That night Rich went to work for the first time in weeks, and the next day as he lay in bed my head went into overdrive; I had not realised at this time that the thing it was a ‘demon’ in my head that was whispering to me and that this was just the start of a long, long conversation that would go on for years to come. It was telling me not to stay, telling me I was better than this, telling me I would be so happy if I just let Rich go. I was in turmoil, going over and over what Rich had said, that he clearly still had some feelings for ‘her’ and I was struggling. I have to admit that at that moment in time the main thing that kept me there was that I was not going to let ‘her’ win.
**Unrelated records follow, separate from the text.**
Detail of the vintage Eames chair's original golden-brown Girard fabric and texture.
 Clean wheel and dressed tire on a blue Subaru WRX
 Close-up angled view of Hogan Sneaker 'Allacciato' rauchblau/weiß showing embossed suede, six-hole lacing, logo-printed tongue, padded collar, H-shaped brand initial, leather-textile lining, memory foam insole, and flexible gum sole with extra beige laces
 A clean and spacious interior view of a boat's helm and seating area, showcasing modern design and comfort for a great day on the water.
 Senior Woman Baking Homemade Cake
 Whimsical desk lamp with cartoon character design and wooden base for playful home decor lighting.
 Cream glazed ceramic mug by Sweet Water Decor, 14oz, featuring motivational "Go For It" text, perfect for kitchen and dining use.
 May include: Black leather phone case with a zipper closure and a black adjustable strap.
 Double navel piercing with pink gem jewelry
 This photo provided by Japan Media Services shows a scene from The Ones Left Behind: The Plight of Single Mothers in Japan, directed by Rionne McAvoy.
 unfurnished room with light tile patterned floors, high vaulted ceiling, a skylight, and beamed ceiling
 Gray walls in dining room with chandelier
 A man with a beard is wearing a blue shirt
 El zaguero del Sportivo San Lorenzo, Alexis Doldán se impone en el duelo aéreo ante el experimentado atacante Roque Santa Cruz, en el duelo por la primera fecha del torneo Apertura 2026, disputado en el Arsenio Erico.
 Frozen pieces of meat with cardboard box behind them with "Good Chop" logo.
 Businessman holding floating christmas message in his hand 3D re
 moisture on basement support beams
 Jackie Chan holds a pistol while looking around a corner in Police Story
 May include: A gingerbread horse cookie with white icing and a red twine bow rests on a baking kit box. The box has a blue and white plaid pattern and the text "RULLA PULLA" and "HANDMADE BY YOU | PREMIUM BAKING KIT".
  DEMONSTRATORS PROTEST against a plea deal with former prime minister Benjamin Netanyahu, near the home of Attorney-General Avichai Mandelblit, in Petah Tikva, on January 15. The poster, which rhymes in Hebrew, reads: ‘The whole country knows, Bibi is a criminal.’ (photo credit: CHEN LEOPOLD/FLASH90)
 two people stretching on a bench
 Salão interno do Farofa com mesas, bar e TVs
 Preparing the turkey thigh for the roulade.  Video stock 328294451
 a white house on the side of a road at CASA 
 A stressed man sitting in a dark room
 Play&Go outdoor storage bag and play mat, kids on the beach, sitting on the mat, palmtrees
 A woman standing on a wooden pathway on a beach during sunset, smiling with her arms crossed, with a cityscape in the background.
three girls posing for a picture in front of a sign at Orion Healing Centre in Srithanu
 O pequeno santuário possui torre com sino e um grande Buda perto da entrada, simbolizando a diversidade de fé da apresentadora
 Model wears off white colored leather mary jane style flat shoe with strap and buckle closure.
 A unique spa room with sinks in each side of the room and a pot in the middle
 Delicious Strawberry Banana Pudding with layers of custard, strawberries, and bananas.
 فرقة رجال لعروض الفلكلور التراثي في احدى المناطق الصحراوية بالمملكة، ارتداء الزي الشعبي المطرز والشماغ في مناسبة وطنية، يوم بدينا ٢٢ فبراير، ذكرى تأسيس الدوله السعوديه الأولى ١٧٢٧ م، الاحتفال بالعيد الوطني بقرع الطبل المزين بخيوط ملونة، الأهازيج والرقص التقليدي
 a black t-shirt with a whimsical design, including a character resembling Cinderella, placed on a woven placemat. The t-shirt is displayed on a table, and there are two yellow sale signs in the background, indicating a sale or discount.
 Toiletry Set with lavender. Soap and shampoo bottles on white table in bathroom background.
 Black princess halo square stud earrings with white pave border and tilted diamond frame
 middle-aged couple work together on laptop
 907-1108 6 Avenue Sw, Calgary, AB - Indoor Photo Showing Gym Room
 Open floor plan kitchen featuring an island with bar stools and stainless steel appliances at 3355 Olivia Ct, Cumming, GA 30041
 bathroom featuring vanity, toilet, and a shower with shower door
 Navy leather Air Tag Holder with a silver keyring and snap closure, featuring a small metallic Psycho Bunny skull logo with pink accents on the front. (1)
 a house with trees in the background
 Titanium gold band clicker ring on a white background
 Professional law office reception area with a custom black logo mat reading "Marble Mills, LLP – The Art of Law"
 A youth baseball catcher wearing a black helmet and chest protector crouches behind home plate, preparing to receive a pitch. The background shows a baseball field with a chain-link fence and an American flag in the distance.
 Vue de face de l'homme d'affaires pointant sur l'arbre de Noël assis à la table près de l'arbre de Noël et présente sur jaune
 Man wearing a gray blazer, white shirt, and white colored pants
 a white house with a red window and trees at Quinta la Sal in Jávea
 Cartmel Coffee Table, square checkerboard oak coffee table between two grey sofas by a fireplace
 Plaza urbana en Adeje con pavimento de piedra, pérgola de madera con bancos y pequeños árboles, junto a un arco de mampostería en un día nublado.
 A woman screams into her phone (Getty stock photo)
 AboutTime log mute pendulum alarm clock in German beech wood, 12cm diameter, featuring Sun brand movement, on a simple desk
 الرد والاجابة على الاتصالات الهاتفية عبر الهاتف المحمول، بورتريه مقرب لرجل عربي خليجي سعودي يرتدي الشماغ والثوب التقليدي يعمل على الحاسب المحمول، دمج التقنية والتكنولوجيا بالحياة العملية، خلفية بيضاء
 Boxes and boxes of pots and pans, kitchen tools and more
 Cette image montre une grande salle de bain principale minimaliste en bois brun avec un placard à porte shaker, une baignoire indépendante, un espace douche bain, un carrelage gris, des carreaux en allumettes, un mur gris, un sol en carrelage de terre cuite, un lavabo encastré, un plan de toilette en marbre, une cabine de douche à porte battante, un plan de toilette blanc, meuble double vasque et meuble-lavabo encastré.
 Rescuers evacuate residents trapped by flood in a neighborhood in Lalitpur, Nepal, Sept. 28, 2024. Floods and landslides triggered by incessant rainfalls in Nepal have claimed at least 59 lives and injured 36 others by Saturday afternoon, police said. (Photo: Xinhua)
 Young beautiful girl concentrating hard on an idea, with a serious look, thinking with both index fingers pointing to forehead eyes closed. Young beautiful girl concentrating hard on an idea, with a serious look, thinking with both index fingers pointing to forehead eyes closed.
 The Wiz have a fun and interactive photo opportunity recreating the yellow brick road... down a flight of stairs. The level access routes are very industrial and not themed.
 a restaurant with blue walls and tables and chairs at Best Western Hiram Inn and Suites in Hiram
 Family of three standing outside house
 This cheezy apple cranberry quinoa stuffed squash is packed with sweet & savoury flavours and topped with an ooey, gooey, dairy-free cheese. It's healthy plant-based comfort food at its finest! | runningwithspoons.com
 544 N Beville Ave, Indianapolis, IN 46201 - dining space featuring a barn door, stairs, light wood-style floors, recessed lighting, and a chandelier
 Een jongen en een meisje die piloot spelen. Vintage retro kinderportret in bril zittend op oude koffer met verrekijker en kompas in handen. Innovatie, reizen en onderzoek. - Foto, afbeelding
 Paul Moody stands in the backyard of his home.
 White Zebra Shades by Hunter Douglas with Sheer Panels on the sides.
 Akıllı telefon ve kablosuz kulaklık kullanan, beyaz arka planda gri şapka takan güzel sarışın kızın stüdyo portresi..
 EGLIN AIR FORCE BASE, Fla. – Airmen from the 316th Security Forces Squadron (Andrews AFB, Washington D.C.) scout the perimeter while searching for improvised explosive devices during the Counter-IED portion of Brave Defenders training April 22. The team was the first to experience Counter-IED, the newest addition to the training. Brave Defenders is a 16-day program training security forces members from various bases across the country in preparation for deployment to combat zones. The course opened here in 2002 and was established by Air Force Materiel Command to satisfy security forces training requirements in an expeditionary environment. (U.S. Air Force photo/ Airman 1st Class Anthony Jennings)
I called the counsellor to make another appointment to attend a session on my own, and she had said that in actual fact she was just about to call me. She explained that she felt that she needed to see me on my own because she did not think that the previous session had been good for me and that she had not fully understood what a strong personality I had! So I went to see her that afternoon; I did not leave a note for Rich to tell him where I was, I hadn’t known where he was for three fucking weeks so now he could sweat for an afternooon. If he thought that I was always going to leave him before then that would be nothing to what he would feel now!
It was the start of the turmoil I would find myself in for nearly a year to come where one minute I was so, so angry with him I would want to punch him the face and the next I could be calm and rational; understanding that I was the key that was going to keep us together. But I was insane so I would do things like let him think I had left him, leave him to worry and wonder where I was. It was revenge, pure and simple.
At the session with the counsellorshe advised me to consider if staying with Rich was going to be the right decision for me, because she thought that I was going to move on without him; she explained that I clearly had such a strong personality that she was unsure if I would be able to stay. But this triggered something in me and I came away realising that pride was my deadly sin, and I was fucked if I was going to let it beat me!!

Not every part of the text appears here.